Hurt danced across Seb’s face. Hurt that Priya had known and he hadn’t.
“You knew?”
“I caught him doing something suspicious and forced the truth out of him,” Priya explained.
“But still—”
“This isn’t about you, Seb.”
He closed his eyes briefly. “Yes. I know that.”
“We were worried that everyone else knowing about it prematurely would be stressful,” I said, rushing to fill the silence. “Worried about Rory especially teasing us.”
Despite everything, Seb’s lips twitched slightly.
“But you can tell him now,” I continued. “It’s not fair that he’s the only one who doesn’t know, I guess.”
“Do you want to tell him?”
I stared at Seb. “Not really.” I couldn’t think of anything worse than having that conversation with Rory.
“I’ll do it,” Priya interjected. “And I’ll make sure he knows not to tease you, Felix.”

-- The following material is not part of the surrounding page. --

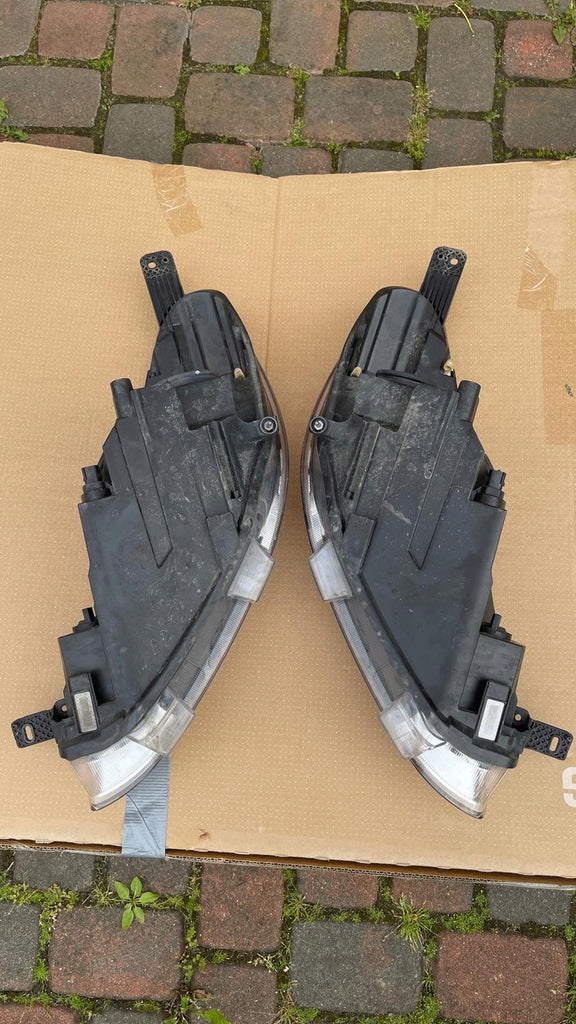 Frontscheinwerfer Ford Fiesta H1BB-13W029-AD H1BB-13W030-AD Rechts oder Links SCH9663208604ft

“Well, he’s hardly going to be in the mood for that right now anyway, is he?” I practically spat. “He’s going to be angry at Kit for not telling him, and he’ll take that out on me.”

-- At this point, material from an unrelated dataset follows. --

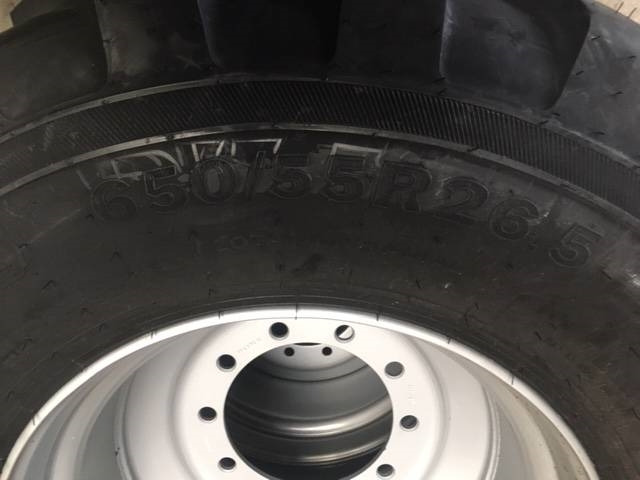 BKT 650/55 R26.5 BKT FL 630 op velg - Pneumatiky a ráfky pro Zemědělská technika: obrázek 5 BKT 650/55 R26.5 BKT FL 630 op velg - Pneumatiky a ráfky pro Zemědělská technika: obrázek 5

“No he won’t,” Priya said firmly. “Trust me. If anyone can handle Rory, it’s me. You know that.”
“Fine,” I said, as if there was any choice in the matter. Then hesitantly, I added, “I was just thinking, when you said we don’t have many leads… I know that this could well be Marcus Vale, but surely Greywat—”
“We can’t just presume this is—”
“Just hold on.”
The words came out loud, surprising even me. Seb’s mouth snapped shut, his piercing eyes fixing on me with dangerous intensity. My breath caught in my throat, but I forced myself to continue.
“There’s something you should know. And this I should have told you yesterday, but I think it got lost in my brain in the panic and all the talk of the vampire.
” God, how much trouble was I about to be in?
But there was no way around it. “Kit was contacting wolves he thought might have information on Moira or might have been recruited for Greywatch. After White ordered us to stop investigating, I mean.”
Seb’s eyes bulged so much it looked like they might pop clean out of his skull.
Priya’s jaw dropped open. “Kit… breaking protocol?”
“That’s all he told me, really. I don’t think he was getting very far with it.” My hands fiddled with my hoodie’s drawstrings, twisting them this way and that. “He was frustrated. Said the wolves either didn’t know anything or weren’t talking.”
A horribly long silence fell. Seb schooled his expression back to neutral, but I could see the storm brewing behind his eyes. He nodded once, sharp and controlled.
“Have you told White that Kit’s missing?” I asked.
Seb glared at me. “Of course.”
I grimaced. I was surely one more stupid comment away from being vampire food.
Priya’s phone buzzed against the desk where she’d set it down. She glanced at it, then made a small, strange noise, eyes glued to the screen.
In a very quiet, very un-Priya-like voice, she said, “I think I might know who planted that listening bug.”